A $100.0 \mathrm{~mL}$ sample of $0.20 \mathrm{M} \mathrm{HF}$ is titrated with $0.10 \mathrm{M} \mathrm{KOH}$. Determine the $\mathrm{pH}$ of the solution after the addition of 200.0 $\mathrm{mL}$ of $K O H$. The $K_{\mathrm{a}}$ of HF is $3.5 \times 10^{-4}$. 8.14 7.00 10.54 3.46 9.62

Step 1 ：Firstly, we find the moles of HF and KOH. The moles of HF is given by the product of volume and molarity, which is \(0.20 \times 100.0 = 20.0\) millimoles. Similarly, the moles of KOH is \(0.10 \times 200.0 = 20.0\) millimoles.
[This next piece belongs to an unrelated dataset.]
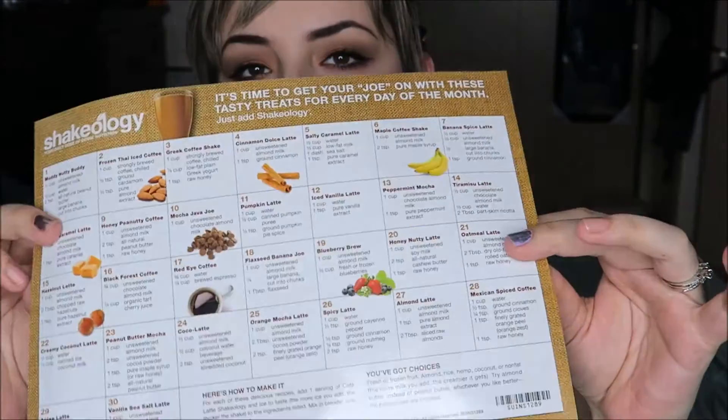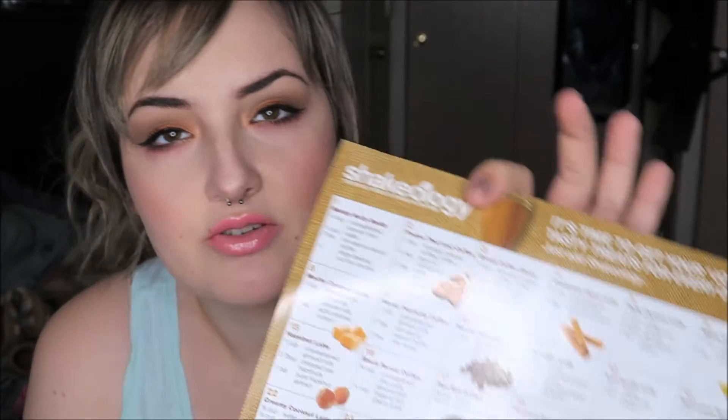There's a little guide of recipes for what you can mix your Cafe Latte Shakeology with. Day one is called Muddy Nutty Buddy — unsweetened almond milk, peanut butter, a large banana, and your Shakeology, which is basically what I did today. It's just different recipes and combos you can do for your shake, which is pretty nice.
Step 2 ：Since the moles of HF and KOH are equal, all the HF will react with KOH to form F- and H2O. Therefore, the solution is now a solution of F- ions.

Step 3 ：The F- ions will react with water to form HF and OH-. This reaction is governed by the Kb of F-, which is given by \(K_w / K_a\), where \(K_w = 1.0 \times 10^{-14}\) and \(K_a = 3.5 \times 10^{-4}\). Therefore, \(K_b = \frac{1.0 \times 10^{-14}}{3.5 \times 10^{-4}} = 2.86 \times 10^{-11}\).

Step 4 ：Since the reaction of F- with water is a weak base reaction, we can use the expression for Kb to find the concentration of OH-. Let x be the concentration of OH-. Then, \(K_b = [OH-][HF]/[F-] = x^2 / (20.0 - x)\). Solving this equation for x, we find that x is approximately equal to \(\sqrt{20.0 \times 2.86 \times 10^{-11}} = 2.68 \times 10^{-6}\) M.

Step 5 ：Finally, we can find the pH of the solution by first finding the pOH, which is given by \(-\log[OH-] = -\log(2.68 \times 10^{-6}) = 5.57\). Then, the pH is given by \(14 - pOH = 14 - 5.57 = \boxed{8.43}\).